- [Work instructions]
Return each line, exactly as given, from the one containing "Ilang magsasaka at" through the end of the entries below, and skip the rest.

Caption-style text data
·····
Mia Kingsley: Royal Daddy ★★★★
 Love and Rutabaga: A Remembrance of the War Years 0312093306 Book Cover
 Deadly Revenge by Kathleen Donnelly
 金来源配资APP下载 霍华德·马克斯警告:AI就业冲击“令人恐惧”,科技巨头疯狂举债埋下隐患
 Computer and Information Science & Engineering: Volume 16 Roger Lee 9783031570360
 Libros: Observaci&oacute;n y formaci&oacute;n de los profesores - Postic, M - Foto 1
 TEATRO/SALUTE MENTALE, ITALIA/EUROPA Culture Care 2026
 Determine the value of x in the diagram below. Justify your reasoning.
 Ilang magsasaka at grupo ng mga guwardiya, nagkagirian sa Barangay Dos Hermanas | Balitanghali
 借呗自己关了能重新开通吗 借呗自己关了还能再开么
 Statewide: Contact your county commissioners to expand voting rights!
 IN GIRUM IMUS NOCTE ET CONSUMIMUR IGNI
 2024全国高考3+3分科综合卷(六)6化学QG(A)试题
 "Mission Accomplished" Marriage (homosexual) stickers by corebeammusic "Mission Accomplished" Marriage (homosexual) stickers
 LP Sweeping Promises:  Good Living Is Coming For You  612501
·····
- [Answer]
 Ilang magsasaka at grupo ng mga guwardiya, nagkagirian sa Barangay Dos Hermanas | Balitanghali
 借呗自己关了能重新开通吗 借呗自己关了还能再开么
 Statewide: Contact your county commissioners to expand voting rights!
 IN GIRUM IMUS NOCTE ET CONSUMIMUR IGNI
 2024全国高考3+3分科综合卷(六)6化学QG(A)试题
 "Mission Accomplished" Marriage (homosexual) stickers by corebeammusic "Mission Accomplished" Marriage (homosexual) stickers
 LP Sweeping Promises:  Good Living Is Coming For You  612501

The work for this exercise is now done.